Giannoulias will submit written testimony, telling federal bank and thrift regulators that when the Community Reinvestment Act ratings of banks were first made public in 1990, one in 10 financial institutions failed their CRA exam. Today, the number is less than 2 percent, yet millions of Americans are still unbanked or victims of predatory lending.
“On one hand, we have almost every bank in the nation receiving a ‘Satisfactory’ rating when it comes to community reinvestment, while on the other hand we have millions of Americans who have no access to safe mortgages or low-cost checking accounts,” Giannoulias wrote. “CRA ratings may look good on paper, but in reality they are falling short.”
Giannoulias will submit testimony during the third of four national public hearings jointly sponsored by the Board of Governors of the Federal Reserve System, the Federal Deposit Insurance Corporation, the Office of the Comptroller of the Currency, and the Office of Thrift Supervision.
“While there is much to do on the legislative side of this important law, including passage of a fair, safe, and more relevant version as proposed in the Community Reinvestment Modernization Act of 2009, (H.R. 1479), my focus today is the importance of establishing transparency within CRA, specifically with regard to qualifying activities, ratings, and reporting,” Giannoulias added.
He recommended regulators improve transparency and accountability in three ways:
Give banks a numeric grade on a scale of 1 to 100 so that consumers can tell if a bank is fully committed to community reinvestment or barely passing, just like a standard report card. Currently, banks are ranked on a 0 to 24 scale which is less intuitive for consumers.
Modernize the weighting system for various financial products, so that it is clear how banks are being measured. Products and services that complement a bank’s lending activities, such as low-cost checking accounts and payday alternative loans, should count toward CRA, but should be weighted according to their impact.
Make it easier for the public to acquire full-length CRA reports from bank and thrift regulatory agencies on a single, searchable online database on the Federal Financial Institutions Examination Council website.
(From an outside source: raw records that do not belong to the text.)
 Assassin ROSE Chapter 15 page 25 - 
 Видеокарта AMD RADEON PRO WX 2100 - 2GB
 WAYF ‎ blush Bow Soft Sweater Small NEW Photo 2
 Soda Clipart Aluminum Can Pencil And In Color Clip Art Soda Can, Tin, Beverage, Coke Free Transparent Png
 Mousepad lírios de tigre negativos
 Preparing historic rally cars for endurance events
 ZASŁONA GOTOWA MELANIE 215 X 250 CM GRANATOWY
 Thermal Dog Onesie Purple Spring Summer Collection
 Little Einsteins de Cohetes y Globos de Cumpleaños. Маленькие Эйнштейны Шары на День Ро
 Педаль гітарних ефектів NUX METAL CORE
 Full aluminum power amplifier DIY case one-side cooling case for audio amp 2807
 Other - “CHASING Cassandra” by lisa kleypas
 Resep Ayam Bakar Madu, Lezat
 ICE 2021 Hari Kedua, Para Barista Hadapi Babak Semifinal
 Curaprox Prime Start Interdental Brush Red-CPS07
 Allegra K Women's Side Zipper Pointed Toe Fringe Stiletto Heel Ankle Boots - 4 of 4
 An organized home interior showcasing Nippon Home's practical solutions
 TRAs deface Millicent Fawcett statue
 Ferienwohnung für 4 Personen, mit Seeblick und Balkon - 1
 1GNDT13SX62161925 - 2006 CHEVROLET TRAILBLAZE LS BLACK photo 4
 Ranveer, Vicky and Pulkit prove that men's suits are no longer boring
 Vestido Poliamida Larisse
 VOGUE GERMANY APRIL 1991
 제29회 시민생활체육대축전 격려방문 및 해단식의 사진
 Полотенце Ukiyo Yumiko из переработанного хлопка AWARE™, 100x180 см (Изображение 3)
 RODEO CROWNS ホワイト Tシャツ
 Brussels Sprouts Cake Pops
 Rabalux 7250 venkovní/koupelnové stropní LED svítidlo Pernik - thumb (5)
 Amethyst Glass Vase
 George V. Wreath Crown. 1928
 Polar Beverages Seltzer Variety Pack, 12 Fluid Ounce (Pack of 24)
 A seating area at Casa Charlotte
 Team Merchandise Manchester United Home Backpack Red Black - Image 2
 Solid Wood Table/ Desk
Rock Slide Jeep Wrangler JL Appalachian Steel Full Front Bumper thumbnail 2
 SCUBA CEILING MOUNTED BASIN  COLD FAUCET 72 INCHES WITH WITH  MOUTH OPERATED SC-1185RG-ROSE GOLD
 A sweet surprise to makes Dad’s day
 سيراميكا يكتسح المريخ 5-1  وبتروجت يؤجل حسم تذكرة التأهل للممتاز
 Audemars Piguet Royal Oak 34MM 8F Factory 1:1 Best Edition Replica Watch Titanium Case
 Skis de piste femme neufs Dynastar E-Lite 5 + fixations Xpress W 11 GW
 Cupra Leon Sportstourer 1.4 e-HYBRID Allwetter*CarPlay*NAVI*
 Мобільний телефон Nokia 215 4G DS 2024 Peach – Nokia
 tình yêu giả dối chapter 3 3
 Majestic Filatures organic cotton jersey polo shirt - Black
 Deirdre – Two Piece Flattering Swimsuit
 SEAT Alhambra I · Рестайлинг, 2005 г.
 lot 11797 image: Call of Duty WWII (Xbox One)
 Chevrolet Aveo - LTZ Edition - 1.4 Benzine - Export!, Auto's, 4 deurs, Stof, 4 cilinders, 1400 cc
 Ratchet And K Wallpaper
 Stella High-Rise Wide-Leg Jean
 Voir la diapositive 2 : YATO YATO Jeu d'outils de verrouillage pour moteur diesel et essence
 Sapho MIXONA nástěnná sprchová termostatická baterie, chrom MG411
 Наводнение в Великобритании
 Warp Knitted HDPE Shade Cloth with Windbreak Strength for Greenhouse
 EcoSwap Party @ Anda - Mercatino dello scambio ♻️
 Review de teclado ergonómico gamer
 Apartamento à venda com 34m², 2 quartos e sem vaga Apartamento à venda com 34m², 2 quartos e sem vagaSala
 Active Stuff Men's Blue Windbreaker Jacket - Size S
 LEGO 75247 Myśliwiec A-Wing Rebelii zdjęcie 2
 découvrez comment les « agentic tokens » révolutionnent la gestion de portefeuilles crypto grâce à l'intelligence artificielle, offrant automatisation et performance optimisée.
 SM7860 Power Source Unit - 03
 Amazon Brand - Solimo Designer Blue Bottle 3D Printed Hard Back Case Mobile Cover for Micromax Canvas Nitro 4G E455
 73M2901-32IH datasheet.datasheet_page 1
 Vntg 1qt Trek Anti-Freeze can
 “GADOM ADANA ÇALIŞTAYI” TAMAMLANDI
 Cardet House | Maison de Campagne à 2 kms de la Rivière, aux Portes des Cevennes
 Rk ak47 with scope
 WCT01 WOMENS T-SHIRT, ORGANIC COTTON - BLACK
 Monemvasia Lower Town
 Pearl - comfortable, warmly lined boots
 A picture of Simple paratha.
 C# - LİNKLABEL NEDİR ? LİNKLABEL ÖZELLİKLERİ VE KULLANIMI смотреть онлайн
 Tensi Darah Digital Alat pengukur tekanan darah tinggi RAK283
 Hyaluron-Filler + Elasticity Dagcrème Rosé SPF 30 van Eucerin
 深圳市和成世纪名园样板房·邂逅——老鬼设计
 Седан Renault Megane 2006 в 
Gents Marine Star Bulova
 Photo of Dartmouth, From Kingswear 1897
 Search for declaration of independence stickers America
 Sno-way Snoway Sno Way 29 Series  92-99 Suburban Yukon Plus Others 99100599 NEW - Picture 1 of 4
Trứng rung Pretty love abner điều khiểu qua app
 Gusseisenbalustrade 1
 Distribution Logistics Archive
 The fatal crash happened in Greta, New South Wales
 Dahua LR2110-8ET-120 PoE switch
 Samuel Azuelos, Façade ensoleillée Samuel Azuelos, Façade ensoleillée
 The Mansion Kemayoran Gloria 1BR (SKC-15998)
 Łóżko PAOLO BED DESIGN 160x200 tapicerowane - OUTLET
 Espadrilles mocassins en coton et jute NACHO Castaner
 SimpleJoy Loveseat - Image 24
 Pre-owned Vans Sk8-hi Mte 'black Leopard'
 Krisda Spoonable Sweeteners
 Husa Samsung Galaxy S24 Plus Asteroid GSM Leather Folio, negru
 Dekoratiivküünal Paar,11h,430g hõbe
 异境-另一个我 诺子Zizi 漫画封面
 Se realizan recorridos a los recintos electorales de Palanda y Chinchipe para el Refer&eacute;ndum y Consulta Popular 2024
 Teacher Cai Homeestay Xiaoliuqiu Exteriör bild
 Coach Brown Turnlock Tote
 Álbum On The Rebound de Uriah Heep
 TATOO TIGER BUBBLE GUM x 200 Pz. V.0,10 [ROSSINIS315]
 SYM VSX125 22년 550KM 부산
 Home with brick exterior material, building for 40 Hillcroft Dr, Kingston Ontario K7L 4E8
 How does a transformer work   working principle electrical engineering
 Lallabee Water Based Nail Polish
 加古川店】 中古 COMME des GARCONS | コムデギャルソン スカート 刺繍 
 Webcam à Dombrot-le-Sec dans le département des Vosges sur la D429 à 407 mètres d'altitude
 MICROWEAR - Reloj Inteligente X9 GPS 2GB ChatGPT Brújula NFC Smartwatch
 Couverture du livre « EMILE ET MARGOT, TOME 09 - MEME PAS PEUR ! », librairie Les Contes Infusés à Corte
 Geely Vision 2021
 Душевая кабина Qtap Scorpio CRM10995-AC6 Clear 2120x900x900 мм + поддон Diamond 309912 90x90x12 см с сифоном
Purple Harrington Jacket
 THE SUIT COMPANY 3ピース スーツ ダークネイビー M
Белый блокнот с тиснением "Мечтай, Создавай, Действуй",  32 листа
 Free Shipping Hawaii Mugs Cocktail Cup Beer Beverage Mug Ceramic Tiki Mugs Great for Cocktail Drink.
This level of transparency is not available today.
The State Treasurer’s Office only wants to do business with financial institutions that show commitment to their communities, so it took matters into its own hands last year, Giannoulias said.
Since June 2009, the Treasurer’s Office has required all banks that received or renewed state deposits to pledge to provide non-predatory foreclosure prevention products, conventional banking services to the unbanked and small business loan products.
“We’re doing what we can at the state level to hold financial institutions accountable to their neighborhoods,” Giannoulias wrote. “But federal reforms are needed to clearly differentiate between the financial institutions that are going the extra mile and those that achieved ‘Satisfactory’ by the skin of their teeth.”